In short
- Retries handle transient failures. DLQs handle everything else: permanent errors, broken consumers, bad schemas.
- Without a DLQ, events that exhaust their retries are silently dropped.
- A DLQ stores the full original payload and failure metadata so you can replay after fixing the root cause.
- Not all failures deserve retries. 4xx responses should go straight to the DLQ.
- Alert the moment DLQ depth rises above zero. Silent accumulation is the enemy.
---
Webhook retries are your first line of defense. Transient network issues, brief consumer downtime, a cold start that took too long. Retries handle all of that with exponential backoff. The retry best practices guide covers how to structure them.

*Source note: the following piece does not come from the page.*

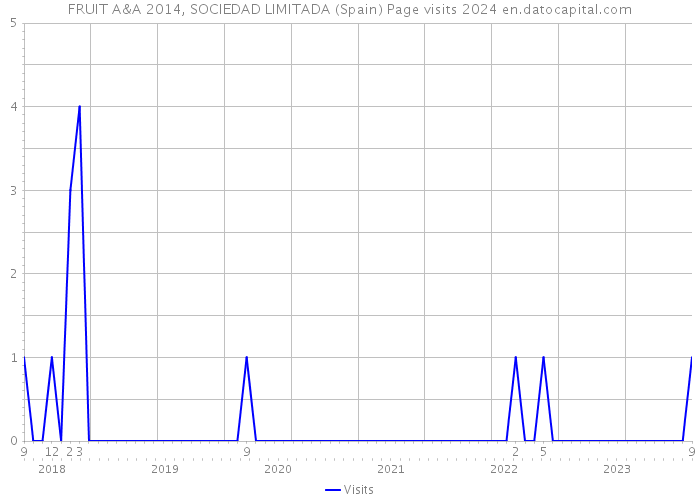 FRUIT A&A 2014, SOCIEDAD LIMITADA (Spain) Page visits 2024 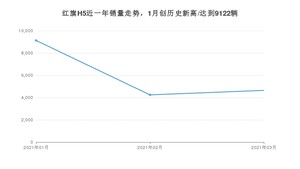 红旗H5 3月份销量数据发布 共4644台(2021年)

But retries only work if the failure is temporary. When a consumer is genuinely broken (schema mismatch, logic bug, permanent authentication failure), retries just generate noise. You need somewhere for those events to land that is not the floor.
That is what a dead letter queue is for.
---
1. Why retries alone are not enough
Most webhook platforms retry a fixed number of times over a window of hours. After the last attempt fails, the event is gone. No trace, no recovery, no replay.
For low-stakes events, that might be acceptable. For anything that matters: payments, provisioning, state transitions. Silent data loss is not.
A DLQ is the safety net at the bottom of the retry ladder. When an event exhausts its retries, it moves to the DLQ instead of disappearing. The payload is preserved. The failure history is attached. And when you fix the root cause, you can replay the event as if it just arrived.
The retry ladder handles the recoverable failures. The DLQ handles everything else.
---
2. What goes into a DLQ (and when)
Not every failure should be retried before landing in the DLQ. The HTTP status code tells you which path to take.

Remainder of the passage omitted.